Violette Hurlevent et le jardin sauvage de Paul Martin et J-B Bourgois

J’avais reçu une première partie de ce roman il y a quelques semaines avec les deux cent premières pages en épreuves non corrigées (ENC) et déjà, je sentais que je tenais là un livre précieux, à l’imaginaire débordant, qui allait faire rêver un nombre incalculable d’enfants. Déjà, je passais de longues minutes à admirer les dessins, suivre des doigts leurs traits et leurs silhouettes esquissées. Je n’aurais jamais cru qu’il serait si gros, si beau, avec ses dorures qui le rendent d’autant plus extraordinaire. Merci aux éditions Sarbacane pour l’envoi de ce service de presse ❤

Mon résumé

Depuis que Violette, son frère et sa mère ont déménagé dans l’ancienne maison de son grand père, Stanislas, rien ne va plus. Sa chambre sent le moisi, la maison est sinistre et le jardin ressemble à une décharge ! Elle en veut à la terre entière, à son frère, à sa mère, mais surtout, à son père, sans qui ils n’auraient pas été obligés de fuir dans ce coin reculé entre ville et campagne où tout semble figé. Tout ? Peut-être pas. Car au delà de sa fenêtre le jardin sauvage s’agite, des bruits courent dans les galeries souterraines, et ses habitants se réveillent.

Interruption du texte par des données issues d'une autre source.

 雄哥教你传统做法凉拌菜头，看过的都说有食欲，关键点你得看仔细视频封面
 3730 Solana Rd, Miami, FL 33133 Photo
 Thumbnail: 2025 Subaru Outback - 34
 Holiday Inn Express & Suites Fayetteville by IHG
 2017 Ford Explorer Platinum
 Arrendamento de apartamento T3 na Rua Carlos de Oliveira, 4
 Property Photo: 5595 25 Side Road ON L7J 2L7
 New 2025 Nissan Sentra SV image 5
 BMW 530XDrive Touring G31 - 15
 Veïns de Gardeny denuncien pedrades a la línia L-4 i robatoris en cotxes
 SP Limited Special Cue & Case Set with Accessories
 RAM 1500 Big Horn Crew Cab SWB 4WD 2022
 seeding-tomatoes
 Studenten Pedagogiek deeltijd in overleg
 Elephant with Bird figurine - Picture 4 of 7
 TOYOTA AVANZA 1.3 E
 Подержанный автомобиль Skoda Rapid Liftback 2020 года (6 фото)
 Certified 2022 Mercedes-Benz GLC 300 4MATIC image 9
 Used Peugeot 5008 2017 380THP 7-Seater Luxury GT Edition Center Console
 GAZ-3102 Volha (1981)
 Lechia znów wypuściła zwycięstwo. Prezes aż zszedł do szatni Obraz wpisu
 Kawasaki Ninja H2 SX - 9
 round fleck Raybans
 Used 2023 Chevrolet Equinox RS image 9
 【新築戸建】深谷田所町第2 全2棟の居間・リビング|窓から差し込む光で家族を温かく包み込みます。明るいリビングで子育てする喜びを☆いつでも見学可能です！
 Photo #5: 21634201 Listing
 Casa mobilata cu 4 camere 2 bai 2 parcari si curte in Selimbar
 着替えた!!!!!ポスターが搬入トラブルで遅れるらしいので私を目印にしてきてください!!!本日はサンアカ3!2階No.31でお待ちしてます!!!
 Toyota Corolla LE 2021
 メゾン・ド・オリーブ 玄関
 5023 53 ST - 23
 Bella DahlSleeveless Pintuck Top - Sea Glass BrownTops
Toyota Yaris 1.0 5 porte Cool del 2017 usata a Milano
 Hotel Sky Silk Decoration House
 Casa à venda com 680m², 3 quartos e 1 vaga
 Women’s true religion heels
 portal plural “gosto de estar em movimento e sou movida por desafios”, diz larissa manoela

Elle découvre une photo avec une jeune fille juchée sur un chien, le regard grave, « la protectrice du jardin ». Alors elle monte sur Pavel, son fidèle destrier et part à l’aventure. Et il se met à parler. Et les taupes à discuter. Et les plantes à grogner. Et les pierres à gronder. Le jardin sauvage prend vie et Violette est investie d’une mission.

Mon avis

Quel roman ! Illustré de bout en bout avec des traits fins et sinueux, il nous invite à un voyage merveilleux en compagnie de Violette et des habitants du jardin. « Hurlevent ». Un nom d’héroïne de conte, de princesse guerrière, un nom qui résonnera longtemps sur toutes les lèvres des jardineux. Car Violette Hurlevent n’est pas n’importe qui, c’est la protectrice du jardin, et grâce à elle, il pourra peut-être réchapper de la terrible Tempête qui s’annonce.

« Le jardin était figé. Oublié depuis bien longtemps. Dans les arbres, aucun chant d’oiseau. Autour des fleurs, nulle abeille ne bourdonnait. Pas un papillon, pas une coccinelle ni même un moucheron. Quelque tulipes, au garde à vous, semblaient attendre une inspection qui ne viendrait jamais. Par endroits, une épaisse couche de poussière s’était accumulée sur les plantes, les arbres et les rochers. Même l’eau des mares et des ruisseaux paraissait immobile ! Et dans les ombres, là où le soleil ne posait jamais ses rayons, la neige s’étendait, lisse et monotone »

Dans ce roman au goût de merveilleux il y a indéniablement une inspiration à la Caroll, Violette semble bel et bien, à l’instar d’Alice, passer de l’autre côté d’un miroir. Elle seule a accès à ce jardin sauvage aux vastes étendues de forêts d’épineux en pelouse aux jardineux, d’océans verts en pyramides de feuilles. Les paysages s’enchaînent et le temps s’arrête. Vraiment ? Pourtant c’est une véritable course contre la montre que doit gagner la jeune fille, car Kaliban n’attend pas. Monstre, ombre menaçante, vide abyssale, tempête, ce qui se prépare en secret n’a rien de bienveillant et Violette doit se préparer pour l’affronter. S’ensuit une chasse aux reliques anciennes du jardin et où l’on retrace le chemin d’une autre protectrice qui partage un lien étrange avec notre héroïne.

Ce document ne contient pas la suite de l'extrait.